How to complete this task: Return exactly the lines below, starting with the one that has "Imagem de Organizador" and going on through the one that has "INIU 30W USB".

Dataset entries:
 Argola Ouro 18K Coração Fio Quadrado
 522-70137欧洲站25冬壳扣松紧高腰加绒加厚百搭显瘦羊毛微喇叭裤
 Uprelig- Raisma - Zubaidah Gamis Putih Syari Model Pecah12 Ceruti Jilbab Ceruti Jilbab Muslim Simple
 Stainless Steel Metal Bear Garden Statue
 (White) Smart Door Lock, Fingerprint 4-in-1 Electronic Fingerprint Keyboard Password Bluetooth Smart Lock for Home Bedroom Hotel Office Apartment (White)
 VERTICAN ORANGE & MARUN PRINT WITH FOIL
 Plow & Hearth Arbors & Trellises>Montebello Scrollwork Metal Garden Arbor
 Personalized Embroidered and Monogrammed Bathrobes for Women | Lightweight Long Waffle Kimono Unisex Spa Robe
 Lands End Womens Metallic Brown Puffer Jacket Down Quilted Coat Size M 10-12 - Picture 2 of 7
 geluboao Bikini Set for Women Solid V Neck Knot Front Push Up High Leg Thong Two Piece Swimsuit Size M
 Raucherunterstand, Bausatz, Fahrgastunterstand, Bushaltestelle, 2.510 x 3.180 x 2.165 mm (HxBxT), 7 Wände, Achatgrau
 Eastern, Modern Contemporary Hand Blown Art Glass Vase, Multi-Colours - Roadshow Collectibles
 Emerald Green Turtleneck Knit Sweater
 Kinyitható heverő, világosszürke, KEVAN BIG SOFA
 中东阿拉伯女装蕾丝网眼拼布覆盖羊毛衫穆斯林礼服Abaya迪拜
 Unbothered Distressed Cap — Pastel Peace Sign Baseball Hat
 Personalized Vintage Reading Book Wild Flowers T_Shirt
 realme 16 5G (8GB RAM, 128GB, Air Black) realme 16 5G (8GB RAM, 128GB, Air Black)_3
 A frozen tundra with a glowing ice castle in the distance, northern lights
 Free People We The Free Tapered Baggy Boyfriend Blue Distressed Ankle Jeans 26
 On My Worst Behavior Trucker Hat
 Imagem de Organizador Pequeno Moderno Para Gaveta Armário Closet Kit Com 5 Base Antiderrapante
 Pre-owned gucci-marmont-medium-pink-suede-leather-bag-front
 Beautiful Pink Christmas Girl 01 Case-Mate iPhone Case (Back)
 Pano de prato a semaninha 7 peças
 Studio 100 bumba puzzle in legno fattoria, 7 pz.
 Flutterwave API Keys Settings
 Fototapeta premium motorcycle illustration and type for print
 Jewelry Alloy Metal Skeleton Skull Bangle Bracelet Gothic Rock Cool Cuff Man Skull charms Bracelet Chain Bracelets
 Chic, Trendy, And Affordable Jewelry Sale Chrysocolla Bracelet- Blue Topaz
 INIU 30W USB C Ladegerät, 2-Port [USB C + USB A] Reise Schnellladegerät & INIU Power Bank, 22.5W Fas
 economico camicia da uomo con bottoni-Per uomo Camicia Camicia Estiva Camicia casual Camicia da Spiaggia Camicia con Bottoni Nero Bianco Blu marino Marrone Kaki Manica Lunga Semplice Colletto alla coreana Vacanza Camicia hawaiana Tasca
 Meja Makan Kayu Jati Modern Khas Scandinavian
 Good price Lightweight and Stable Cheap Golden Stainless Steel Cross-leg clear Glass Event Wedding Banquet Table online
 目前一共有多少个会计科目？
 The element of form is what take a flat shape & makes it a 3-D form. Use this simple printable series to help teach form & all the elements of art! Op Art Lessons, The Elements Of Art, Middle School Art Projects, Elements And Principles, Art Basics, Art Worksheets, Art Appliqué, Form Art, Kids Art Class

Solution to this problem:
 Imagem de Organizador Pequeno Moderno Para Gaveta Armário Closet Kit Com 5 Base Antiderrapante
 Pre-owned gucci-marmont-medium-pink-suede-leather-bag-front
 Beautiful Pink Christmas Girl 01 Case-Mate iPhone Case (Back)
 Pano de prato a semaninha 7 peças
 Studio 100 bumba puzzle in legno fattoria, 7 pz.
 Flutterwave API Keys Settings
 Fototapeta premium motorcycle illustration and type for print
 Jewelry Alloy Metal Skeleton Skull Bangle Bracelet Gothic Rock Cool Cuff Man Skull charms Bracelet Chain Bracelets
 Chic, Trendy, And Affordable Jewelry Sale Chrysocolla Bracelet- Blue Topaz
 INIU 30W USB C Ladegerät, 2-Port [USB C + USB A] Reise Schnellladegerät & INIU Power Bank, 22.5W Fas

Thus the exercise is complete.